The failure isn't just lost opportunity — wrongly-filtered hard problems actively damage the model. Do overly hard RLVR samples actually harm model capabilities? shows that training on near-impossible problems teaches degenerate shortcuts — answer repetition, skipping computation — and these shortcuts contaminate capabilities the model already had. Because group-relative reward normalization treats a rare accidental success as a high-value trajectory, the model gets pushed hard toward whatever fluke produced it. A static filter that misjudges difficulty (or whose judgments go stale) keeps feeding these poisoned samples; an adaptive scheme drops a problem out of the active set the moment it becomes a dead zone.
The corpus also reframes 'curriculum' more broadly than difficulty-binning, which is where it gets interesting. Can curriculum learning approximate expensive process supervision? builds a curriculum not by selecting problems but by sliding the *starting point* of a single problem backward from near-completion — manufacturing a smooth difficulty ramp out of one task and recovering step-level feedback that would otherwise need expensive human annotation.
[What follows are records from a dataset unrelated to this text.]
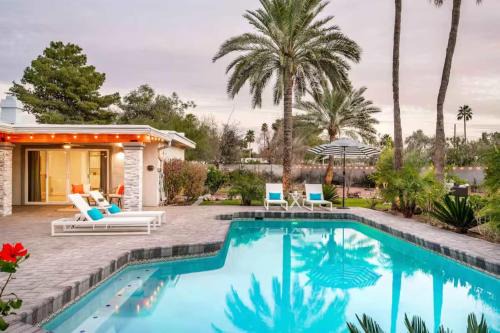Family Pool House Oasis with Game Room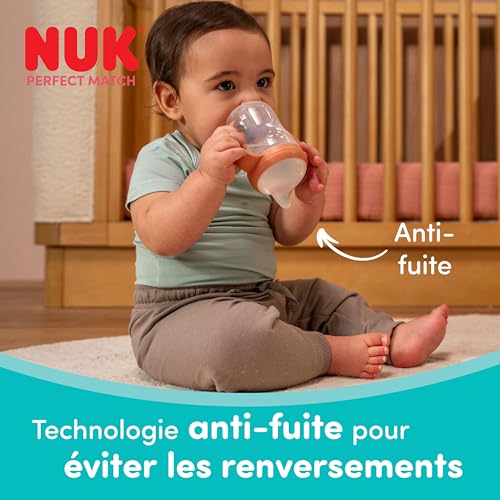 nuk-perfect-match-learner-becs-silicone-6-mois-et-lot-de-2 image 6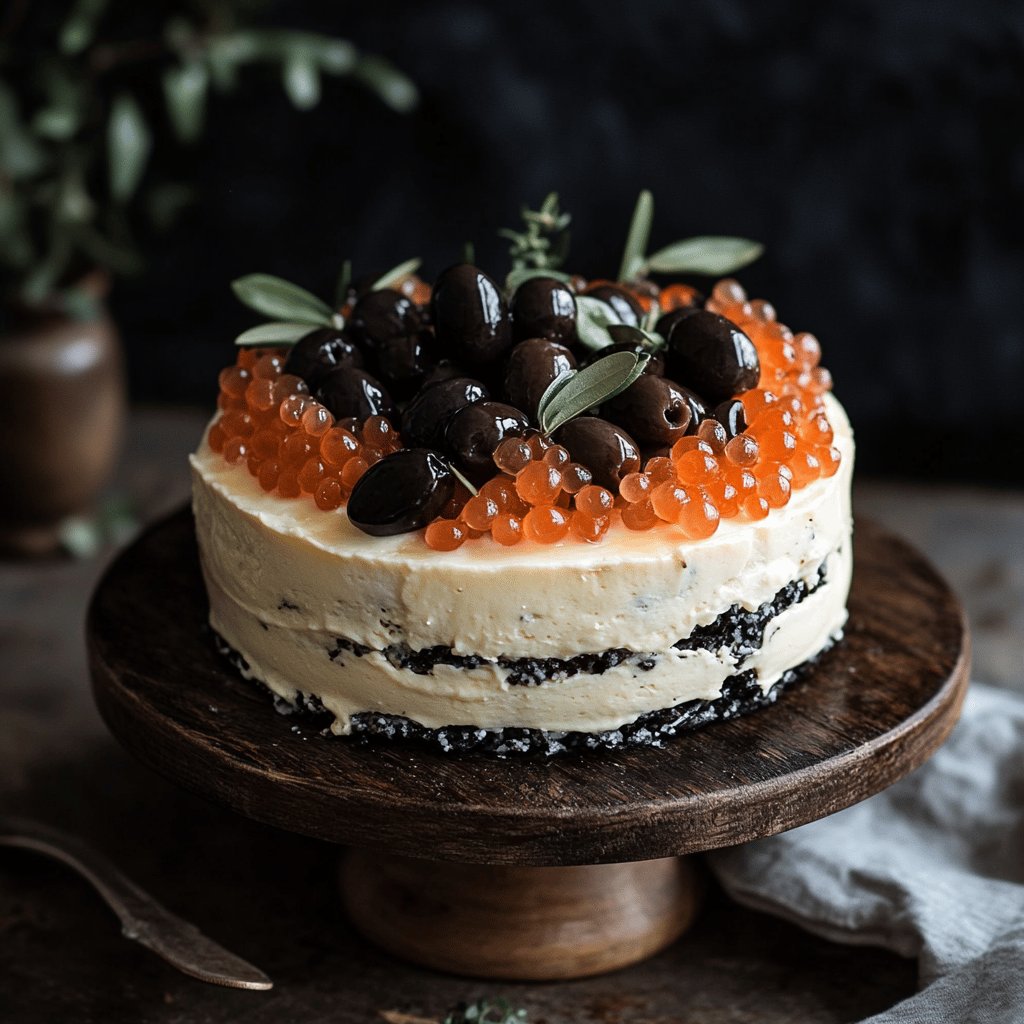 Cake au thon et olives savoureux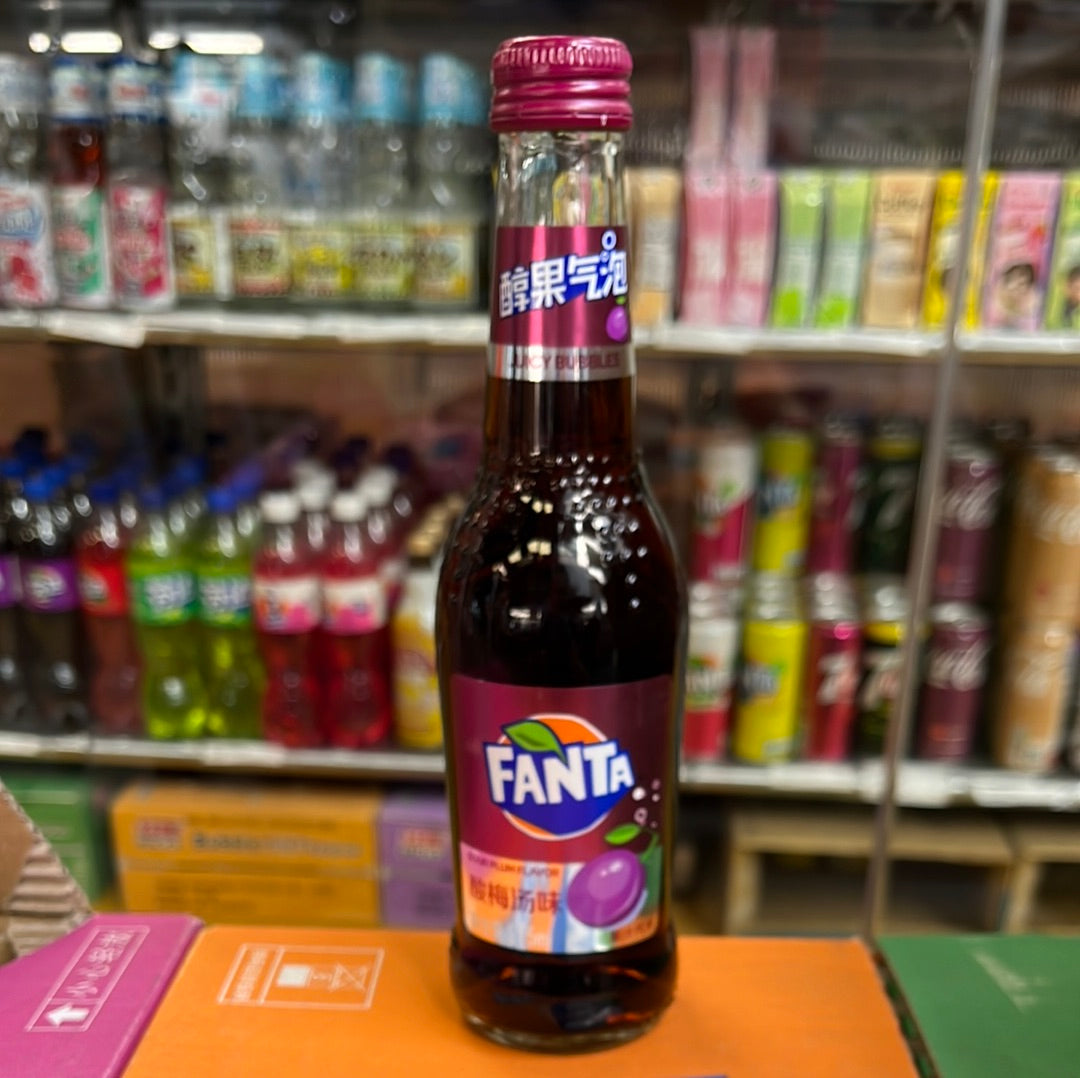 FANTA saveur de prune 芬达 酸梅汤味汽水 275ml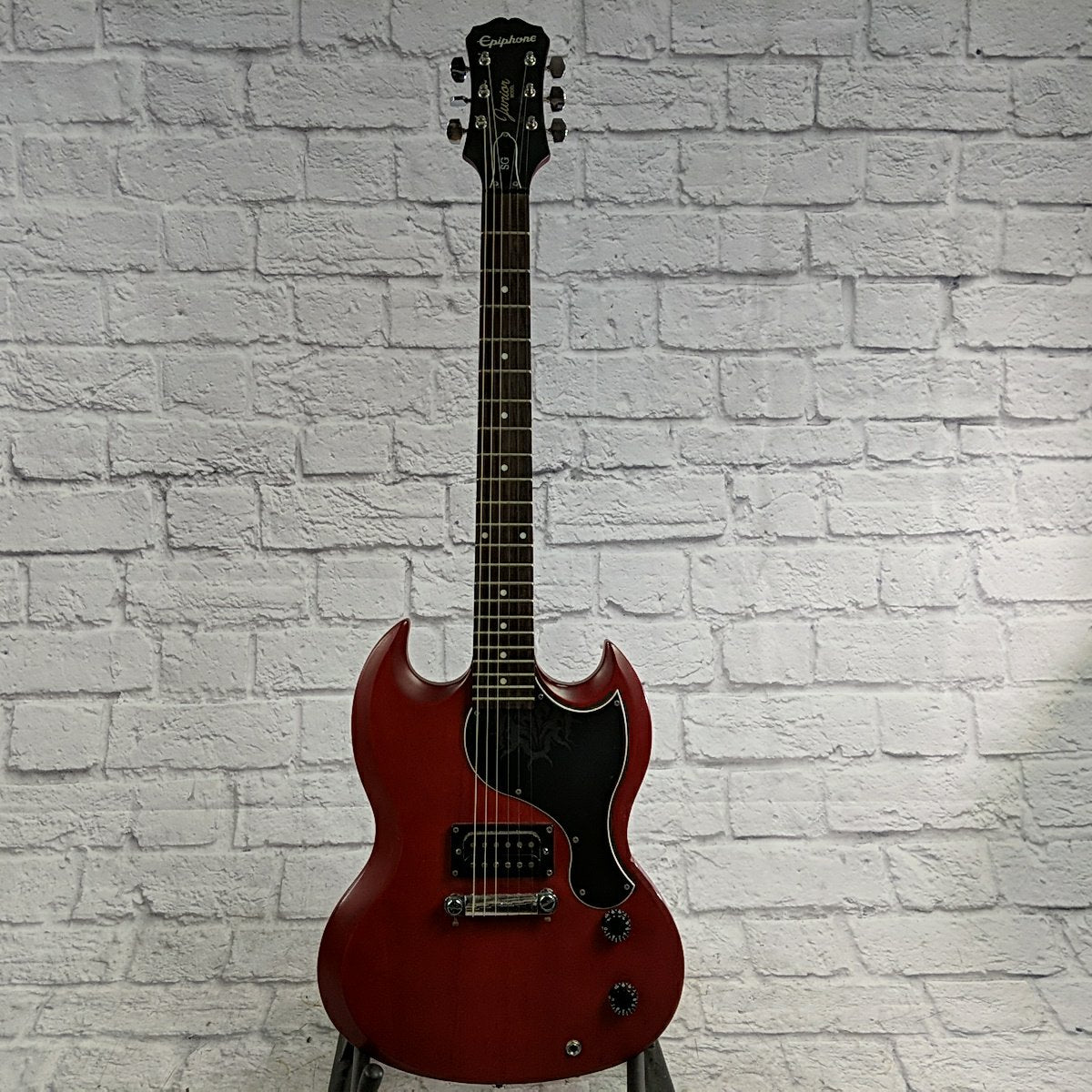 Epiphone SG Jr 90 Electric Guitar - Satin Red - Evolution Music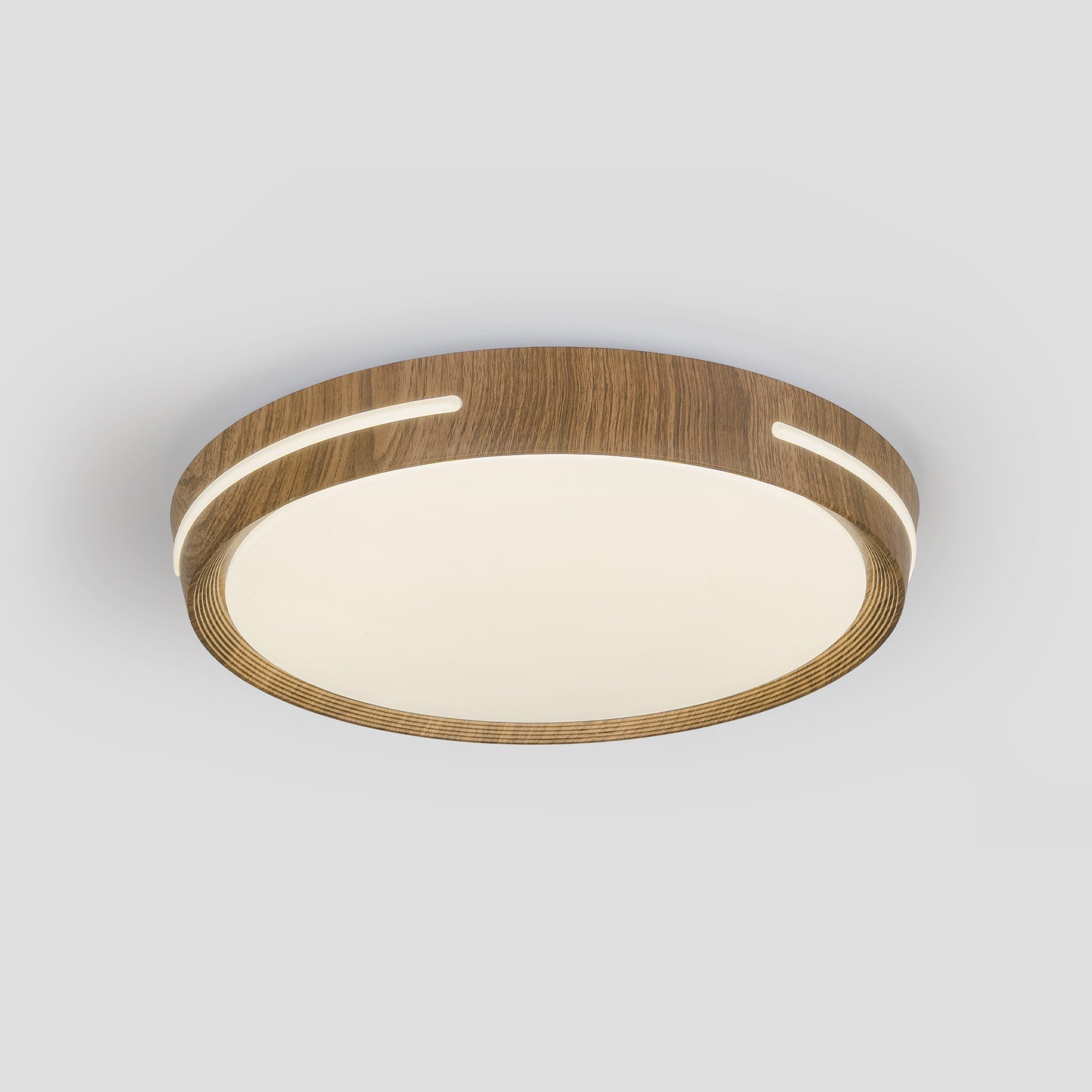 Plafón de techo LED CCT - 24W - Efecto lateral - Color madera Ø40cm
Does training on messy search processes improve reasoning? points the same direction: training on the messy search process, mistakes and backtracking included, beats training only on clean optimal trajectories, because the model learns an adaptive search strategy rather than memorizing one path. Both suggest the real win of adaptivity is exposing the model to the right *failures* at the right time — something a one-shot filter structurally cannot do.
There's a parallel lesson outside reinforcement learning worth knowing: the same 'match the material to the current learner' principle shows up in distillation. Does teacher-refined data always improve student model performance? finds that objectively higher-quality teacher data *hurts* a student when it sits past the student's learning frontier — the student should filter refinements against its own ability, not accept whatever is best in the abstract. That's the static-vs-adaptive tension in miniature: 'good data' and 'good problem' are never absolute, always relative to who's learning and when. The through-line across the whole corpus is that difficulty is a verb, not a label — and adaptive schemes win because they keep measuring it while static filters assume it once and stop looking.
Sources 6 notes
A sample's learning value depends on the interaction between its difficulty and the model's current ability, not difficulty alone. The productive band of medium-difficulty problems drifts during training, making static difficulty estimates obsolete within steps.
RLVR learning follows an inverted-U curve across difficulty: medium problems yield strongest gains because they balance success frequency with informative failures, while easy samples lack variance and hard samples amplify shortcuts.
Training on nearly-impossible problems causes models to learn degenerate shortcuts rather than genuine reasoning, and these shortcuts contaminate pre-existing capabilities. Group-relative normalization treats rare accidental successes as high-advantage trajectories, reinforcing answer repetition and computation-skipping instead of sound reasoning patterns.
R3 progressively slides the reasoning start state backward from near-completion, creating a curriculum that reveals step-level failure modes using only outcome feedback. This achieves process supervision granularity without expensive human step annotations.
Stream of Search pretraining, which represents exploration and backtracking as serialized strings, achieves 25% higher accuracy than optimal-trajectory-only training. Models learn internal world models for search and adaptive strategies rather than fixed external methods.
Teacher-refined data degrades performance when it exceeds the student's learning frontier, even if objectively higher quality. Students should filter refinements using their own statistical profile to retain only compatible improvements.